* Source material
▽

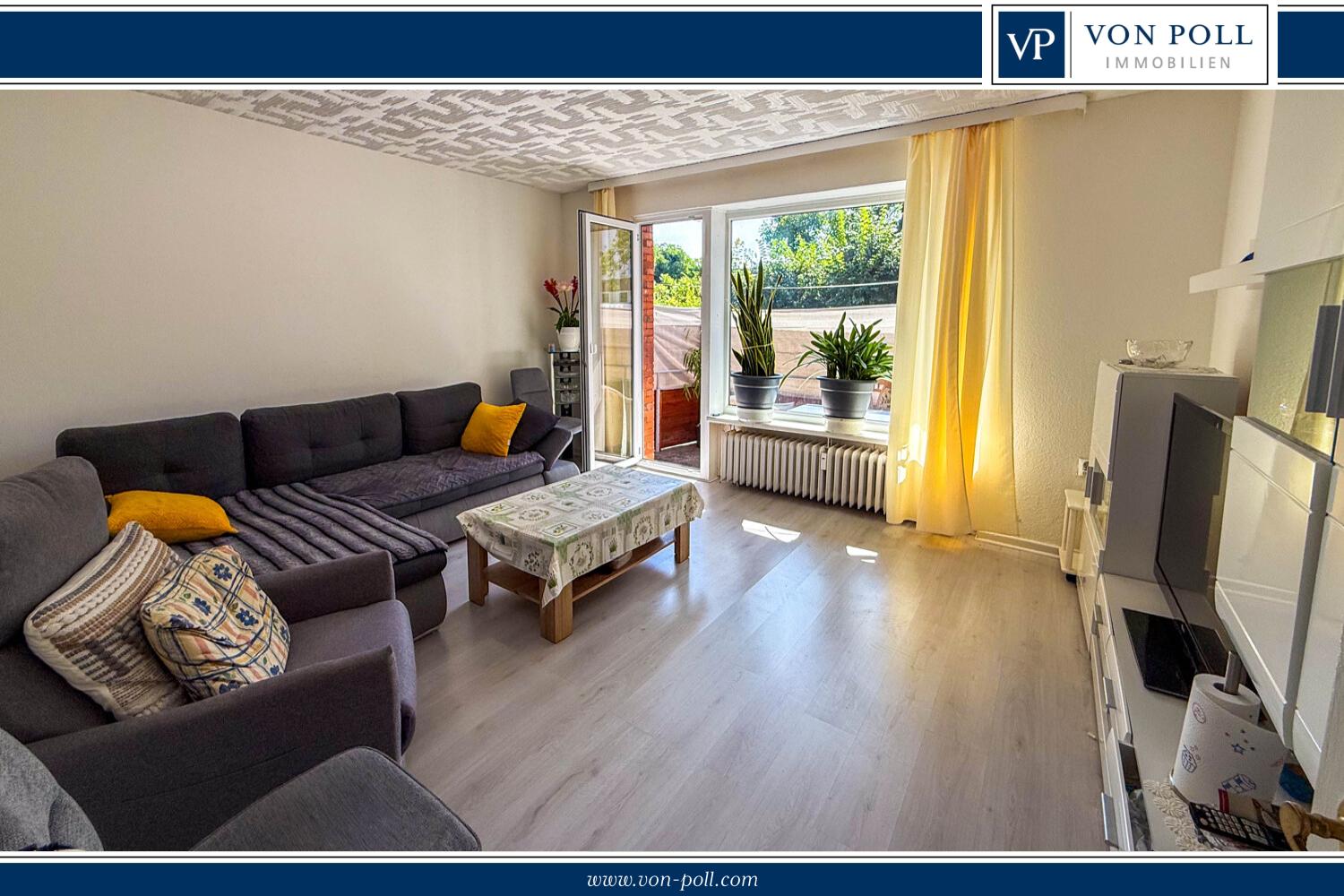Zimmer II mit Zugang zum Süd/West Balkon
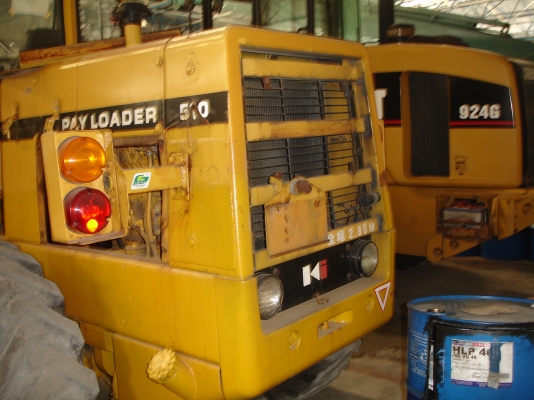 ถึงไทยแล้ว KOMATSU 510 กรองเดี่ยว สภาพสวยมาก นำเข้าจากญี่ปุ่น ขายถูกครับ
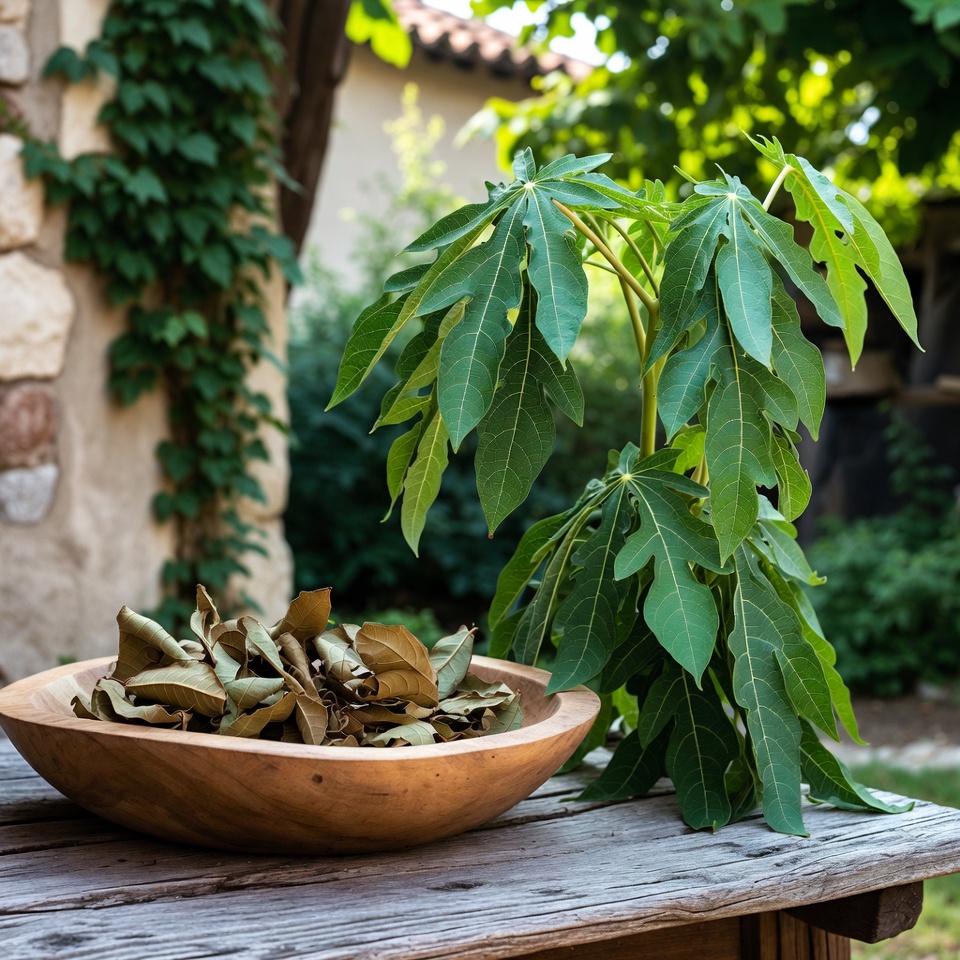 Les gens adorent la papaye, mais beaucoup ne réalisent pas à quel point ses feuilles sont puissantes. Il faut les récolter et les utiliser ainsi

△

* What you need to do
Leave the images aside and retype each line of the listing above exactly.

* Expected output
Zimmer II mit Zugang zum Süd/West Balkon
 ถึงไทยแล้ว KOMATSU 510 กรองเดี่ยว สภาพสวยมาก นำเข้าจากญี่ปุ่น ขายถูกครับ
 Les gens adorent la papaye, mais beaucoup ne réalisent pas à quel point ses feuilles sont puissantes. Il faut les récolter et les utiliser ainsi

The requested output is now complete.